# JL HO-BOXs COMPARED and MODED



## grinkeeper (Jun 26, 2015)

I have been looking to try out one of the old JL AUDIO H.O. wedge boxes for a while now.








I don’t have a W7 driver but I do have 2 of the 12w6v2 drivers which for the lack of a better term are the poor mans W7. 

I still find the concept and design, engineering and CNC construction of this box to be the most advanced design to date. It was a ground breaking system in performance and ground breaking in the fact it was grossly over priced and out of the realm of most people when considering the options. 








Generally it was a pretty hard call to spend $1200 plus on a single driver factory built box. When you are looking in your budget you generally think that “ WOW I can get 2 amazing drivers and get a slick custom box for much less and it will deliver even better performance than any cookie cutter box” or at least that is what I have always been telling myself.

Im finding it real hard to locate an original 12W6V2 H.O. BOX. So I thought I would see how far off the other H.O. Boxes are in dimensional size.

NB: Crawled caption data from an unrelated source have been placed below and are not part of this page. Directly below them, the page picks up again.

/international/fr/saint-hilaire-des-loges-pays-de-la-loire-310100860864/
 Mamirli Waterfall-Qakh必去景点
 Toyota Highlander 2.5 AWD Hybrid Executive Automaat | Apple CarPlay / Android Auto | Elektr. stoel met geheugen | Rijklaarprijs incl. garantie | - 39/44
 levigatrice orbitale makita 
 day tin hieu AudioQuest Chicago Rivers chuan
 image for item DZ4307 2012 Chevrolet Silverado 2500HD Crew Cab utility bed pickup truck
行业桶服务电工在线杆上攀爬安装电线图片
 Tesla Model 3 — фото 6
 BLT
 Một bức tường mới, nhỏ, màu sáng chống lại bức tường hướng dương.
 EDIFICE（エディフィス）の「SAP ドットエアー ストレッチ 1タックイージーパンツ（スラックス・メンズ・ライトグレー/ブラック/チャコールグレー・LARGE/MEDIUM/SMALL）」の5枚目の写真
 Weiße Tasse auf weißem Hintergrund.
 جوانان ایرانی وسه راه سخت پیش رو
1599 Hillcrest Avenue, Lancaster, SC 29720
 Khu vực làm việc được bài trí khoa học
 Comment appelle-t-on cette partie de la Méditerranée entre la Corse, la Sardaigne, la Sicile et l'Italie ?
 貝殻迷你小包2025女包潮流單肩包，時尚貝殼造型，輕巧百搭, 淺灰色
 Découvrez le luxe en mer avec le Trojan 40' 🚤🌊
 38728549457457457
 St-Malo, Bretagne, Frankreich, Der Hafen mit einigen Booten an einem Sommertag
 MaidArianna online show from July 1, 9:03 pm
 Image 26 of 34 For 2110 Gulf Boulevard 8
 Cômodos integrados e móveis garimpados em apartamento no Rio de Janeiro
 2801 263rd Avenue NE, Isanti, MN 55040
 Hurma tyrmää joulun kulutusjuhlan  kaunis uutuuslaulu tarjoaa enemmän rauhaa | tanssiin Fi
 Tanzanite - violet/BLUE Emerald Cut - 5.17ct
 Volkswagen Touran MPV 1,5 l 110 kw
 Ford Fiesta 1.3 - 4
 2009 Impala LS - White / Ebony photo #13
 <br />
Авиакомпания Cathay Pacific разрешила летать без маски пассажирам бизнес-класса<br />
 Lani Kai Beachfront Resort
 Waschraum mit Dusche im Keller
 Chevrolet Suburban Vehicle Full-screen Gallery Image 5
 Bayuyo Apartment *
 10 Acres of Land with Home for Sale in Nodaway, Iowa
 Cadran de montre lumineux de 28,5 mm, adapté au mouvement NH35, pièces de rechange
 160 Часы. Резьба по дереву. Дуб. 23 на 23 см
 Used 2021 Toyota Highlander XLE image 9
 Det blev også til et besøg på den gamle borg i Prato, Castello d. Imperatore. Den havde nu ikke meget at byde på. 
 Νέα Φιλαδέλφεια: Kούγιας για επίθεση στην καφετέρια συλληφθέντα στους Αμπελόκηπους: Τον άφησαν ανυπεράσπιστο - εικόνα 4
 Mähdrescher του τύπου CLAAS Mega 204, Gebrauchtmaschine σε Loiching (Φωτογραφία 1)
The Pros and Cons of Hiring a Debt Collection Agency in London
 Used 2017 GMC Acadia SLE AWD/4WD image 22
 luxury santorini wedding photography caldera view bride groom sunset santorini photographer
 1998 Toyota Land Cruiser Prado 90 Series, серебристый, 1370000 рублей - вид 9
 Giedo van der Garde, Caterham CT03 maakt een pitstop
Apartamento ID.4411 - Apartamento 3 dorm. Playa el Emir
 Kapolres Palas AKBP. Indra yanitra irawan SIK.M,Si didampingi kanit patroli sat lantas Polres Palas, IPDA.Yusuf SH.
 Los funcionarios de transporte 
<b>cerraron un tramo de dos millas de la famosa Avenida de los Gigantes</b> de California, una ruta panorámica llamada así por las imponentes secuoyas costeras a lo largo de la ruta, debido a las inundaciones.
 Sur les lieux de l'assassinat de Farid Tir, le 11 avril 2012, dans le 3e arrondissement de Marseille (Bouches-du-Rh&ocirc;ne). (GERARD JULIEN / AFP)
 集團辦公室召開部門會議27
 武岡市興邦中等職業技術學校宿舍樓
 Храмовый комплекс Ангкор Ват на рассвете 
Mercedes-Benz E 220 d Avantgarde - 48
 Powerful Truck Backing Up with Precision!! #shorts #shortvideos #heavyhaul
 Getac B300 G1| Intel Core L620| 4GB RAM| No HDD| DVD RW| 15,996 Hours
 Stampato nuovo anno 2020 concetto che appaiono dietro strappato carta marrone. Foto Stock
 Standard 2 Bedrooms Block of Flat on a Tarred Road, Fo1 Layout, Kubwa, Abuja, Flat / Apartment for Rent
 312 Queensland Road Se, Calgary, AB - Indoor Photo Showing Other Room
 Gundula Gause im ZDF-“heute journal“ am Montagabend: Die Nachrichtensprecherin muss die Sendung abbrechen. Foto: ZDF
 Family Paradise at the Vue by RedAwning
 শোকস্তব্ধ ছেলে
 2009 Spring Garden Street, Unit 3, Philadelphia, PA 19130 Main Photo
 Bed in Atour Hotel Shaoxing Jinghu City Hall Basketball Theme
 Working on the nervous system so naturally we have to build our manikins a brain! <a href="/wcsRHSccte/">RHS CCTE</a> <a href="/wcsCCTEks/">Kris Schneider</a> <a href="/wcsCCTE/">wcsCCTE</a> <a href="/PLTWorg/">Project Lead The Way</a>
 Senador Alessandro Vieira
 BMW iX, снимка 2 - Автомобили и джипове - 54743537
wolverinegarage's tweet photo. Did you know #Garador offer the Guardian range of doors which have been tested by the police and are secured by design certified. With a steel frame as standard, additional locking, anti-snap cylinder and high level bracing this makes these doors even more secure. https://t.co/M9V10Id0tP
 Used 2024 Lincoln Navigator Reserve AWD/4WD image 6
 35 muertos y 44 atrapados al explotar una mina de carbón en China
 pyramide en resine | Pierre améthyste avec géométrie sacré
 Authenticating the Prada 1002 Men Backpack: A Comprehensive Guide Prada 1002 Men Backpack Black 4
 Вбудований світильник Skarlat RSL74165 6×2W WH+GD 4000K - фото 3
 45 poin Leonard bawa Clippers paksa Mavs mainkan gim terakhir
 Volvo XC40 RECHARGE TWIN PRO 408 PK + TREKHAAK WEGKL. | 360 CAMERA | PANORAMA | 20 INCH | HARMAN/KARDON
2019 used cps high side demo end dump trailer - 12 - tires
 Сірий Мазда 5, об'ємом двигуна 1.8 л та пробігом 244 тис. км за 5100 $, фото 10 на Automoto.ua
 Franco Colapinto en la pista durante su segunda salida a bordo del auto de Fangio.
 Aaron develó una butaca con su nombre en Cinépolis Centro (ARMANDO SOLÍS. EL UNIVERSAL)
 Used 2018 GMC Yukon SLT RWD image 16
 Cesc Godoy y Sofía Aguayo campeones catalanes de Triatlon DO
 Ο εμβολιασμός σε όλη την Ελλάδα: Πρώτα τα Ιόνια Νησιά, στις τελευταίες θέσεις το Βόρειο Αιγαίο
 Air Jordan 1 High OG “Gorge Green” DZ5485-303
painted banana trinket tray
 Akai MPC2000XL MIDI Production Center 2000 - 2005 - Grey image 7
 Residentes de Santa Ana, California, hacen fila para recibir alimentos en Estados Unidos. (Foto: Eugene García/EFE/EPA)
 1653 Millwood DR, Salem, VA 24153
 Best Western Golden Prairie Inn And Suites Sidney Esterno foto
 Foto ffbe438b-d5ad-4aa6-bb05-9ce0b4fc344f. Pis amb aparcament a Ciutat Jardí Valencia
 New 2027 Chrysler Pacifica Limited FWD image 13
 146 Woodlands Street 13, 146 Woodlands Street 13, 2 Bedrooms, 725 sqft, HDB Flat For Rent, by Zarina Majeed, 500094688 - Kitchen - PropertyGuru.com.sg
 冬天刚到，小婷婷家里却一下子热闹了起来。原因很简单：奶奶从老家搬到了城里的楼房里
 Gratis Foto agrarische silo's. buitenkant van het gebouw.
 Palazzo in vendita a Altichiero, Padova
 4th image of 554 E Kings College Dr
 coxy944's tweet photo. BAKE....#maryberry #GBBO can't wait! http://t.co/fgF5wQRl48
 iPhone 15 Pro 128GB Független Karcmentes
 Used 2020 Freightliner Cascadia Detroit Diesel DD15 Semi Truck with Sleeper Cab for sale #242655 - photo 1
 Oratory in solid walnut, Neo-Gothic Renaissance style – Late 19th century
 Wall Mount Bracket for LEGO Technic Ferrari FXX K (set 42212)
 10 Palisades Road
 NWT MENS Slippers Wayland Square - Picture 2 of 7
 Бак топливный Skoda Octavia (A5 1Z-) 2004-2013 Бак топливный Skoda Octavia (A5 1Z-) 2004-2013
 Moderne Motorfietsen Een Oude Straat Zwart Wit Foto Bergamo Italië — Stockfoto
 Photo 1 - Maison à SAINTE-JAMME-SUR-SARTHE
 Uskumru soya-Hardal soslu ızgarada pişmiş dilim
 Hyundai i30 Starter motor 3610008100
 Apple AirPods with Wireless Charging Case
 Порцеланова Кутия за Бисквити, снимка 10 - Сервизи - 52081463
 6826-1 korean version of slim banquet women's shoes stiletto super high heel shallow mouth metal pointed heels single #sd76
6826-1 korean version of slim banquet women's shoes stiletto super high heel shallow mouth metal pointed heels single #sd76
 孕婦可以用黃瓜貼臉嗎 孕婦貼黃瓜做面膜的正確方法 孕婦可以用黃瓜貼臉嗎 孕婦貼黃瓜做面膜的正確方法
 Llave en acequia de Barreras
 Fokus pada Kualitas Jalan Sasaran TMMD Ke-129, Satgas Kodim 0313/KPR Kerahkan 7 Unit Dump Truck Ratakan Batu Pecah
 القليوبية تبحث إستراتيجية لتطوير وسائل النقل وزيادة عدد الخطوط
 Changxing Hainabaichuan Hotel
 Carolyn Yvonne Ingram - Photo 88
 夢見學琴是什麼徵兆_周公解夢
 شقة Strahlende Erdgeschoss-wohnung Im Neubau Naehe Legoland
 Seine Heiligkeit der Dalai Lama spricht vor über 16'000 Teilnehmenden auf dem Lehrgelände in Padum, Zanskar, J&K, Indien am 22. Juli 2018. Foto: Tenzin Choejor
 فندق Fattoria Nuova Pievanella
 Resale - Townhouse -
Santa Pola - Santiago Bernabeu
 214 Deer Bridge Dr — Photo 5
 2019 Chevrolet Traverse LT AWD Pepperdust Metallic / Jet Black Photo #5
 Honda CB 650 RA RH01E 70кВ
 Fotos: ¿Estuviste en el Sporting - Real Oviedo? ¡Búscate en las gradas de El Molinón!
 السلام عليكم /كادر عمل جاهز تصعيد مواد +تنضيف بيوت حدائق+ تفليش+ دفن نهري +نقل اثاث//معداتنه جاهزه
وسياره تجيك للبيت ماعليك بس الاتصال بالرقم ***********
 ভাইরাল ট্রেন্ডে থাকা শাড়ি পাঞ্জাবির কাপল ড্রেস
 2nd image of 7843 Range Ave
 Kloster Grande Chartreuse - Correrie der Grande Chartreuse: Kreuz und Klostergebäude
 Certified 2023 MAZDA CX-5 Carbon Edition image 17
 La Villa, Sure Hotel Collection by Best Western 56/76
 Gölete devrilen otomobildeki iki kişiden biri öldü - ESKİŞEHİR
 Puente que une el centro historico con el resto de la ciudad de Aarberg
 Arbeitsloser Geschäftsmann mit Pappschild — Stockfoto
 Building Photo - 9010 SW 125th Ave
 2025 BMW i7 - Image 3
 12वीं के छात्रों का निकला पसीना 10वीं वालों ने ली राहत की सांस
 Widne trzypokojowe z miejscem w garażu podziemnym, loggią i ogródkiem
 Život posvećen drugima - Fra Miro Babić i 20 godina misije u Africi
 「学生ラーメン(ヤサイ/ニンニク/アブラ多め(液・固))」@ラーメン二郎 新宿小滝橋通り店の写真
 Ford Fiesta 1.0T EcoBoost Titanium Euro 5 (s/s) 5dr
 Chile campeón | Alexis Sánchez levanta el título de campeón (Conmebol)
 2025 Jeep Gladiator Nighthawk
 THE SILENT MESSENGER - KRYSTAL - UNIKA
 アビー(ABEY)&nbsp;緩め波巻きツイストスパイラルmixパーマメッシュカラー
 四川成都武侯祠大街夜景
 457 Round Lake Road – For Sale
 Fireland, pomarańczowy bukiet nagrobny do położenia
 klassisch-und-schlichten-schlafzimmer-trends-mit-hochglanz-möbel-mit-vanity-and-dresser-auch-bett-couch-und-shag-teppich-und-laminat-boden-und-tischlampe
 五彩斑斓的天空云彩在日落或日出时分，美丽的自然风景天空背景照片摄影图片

I used the Speaker Enclosure Volume Calculator triangular box volume calc tool to get an idea what Im comparing.

here is what I discovered. The HO 110R-10W7 BOX has the same total internal volume as the HO 112R-12W6V2 BOX. The width , height and depth are very close but not identical. For example the 12w6 box is a little taller on the face and not a wide but it all become equal after you do the math. Now Im not saying the tuning is the same as I don’t know the exact port length but with my calculations the port looks very close.

The total internal volume of the HO-10W7 & THE HO-12W6 = 3.65 Cu/Ft

now the 12W7 volume is totally different as it equals 4.66 Cu/Ft


So what I am planning on doing is picking up a HO110R-10W7 box and shoe horning a 12W6V2 into it. With my measurements it appears that the woofer depth and the oval faceplate will allow this mod.

Sounds like a plan to me.

Im wondering if anyone here has tried to do this very mod, putting a 12w6 into a 10W7 H.O. BOX?
________________________________________________________________
The details

JL AUDIOJL AUDIO H.O. WEDGE BOX COMPARISON
12W6V2 vs 12W7 vs 10W7

Physical Specifications








HO112R-W6v2. 12" Total box volume 3.65

External Width (W)	30.25 in / 768 mm
External Height (H)	16.75 in / 425 mm
External Depth (D1)	19.0 in / 483 mm
External Top Surface Depth (D2)	12.75 in / 324 mm
Net Weight	91.7 lb / 41.57 kg




HO110R-W7 10” Total box volume 3.65







External Width (W)	32.0 in / 813 mm
External Height (H)	15.25 in / 387 mm
External Depth (D1)	19.25 in / 489 mm
External Top Surface Depth (D2)	14.0 in / 356 mm
Net Weight	96.2 lb / 43.61 kg



HO-112R-12W7. 12”W7 BOX VOLUME 4.664







External Width (W)	34.0 in / 864 mm
External Height (H)	17.0 in / 432 mm
External Depth (D1)	20.5 in / 521 mm
External Top Surface Depth (D2)	14.5 in / 368 mm
Net Weight	119.0 lb / 53.95 kg



Conclusion: The 12” H.O. 112R-12W6V2 BOX and 10” H.O.110R-W7 BOX are virtually the same total internal volume. With the shape of the oval faceplate opening and the baffle the 10”W7 box should allow for the transplant of a 12W6V2 with a little handy jigsaw work on the baffle. No mods will be needed for the oval faceplate. The woofer depth doesn’t seem to be an issue as well. We all have seen how these boxes are built and designed using CNC machinery and high tech construction methods and engineering. So I think there is a way to get a simple transplant and breath new life into some old woofers and someone else’s neglected old H.O. BOX.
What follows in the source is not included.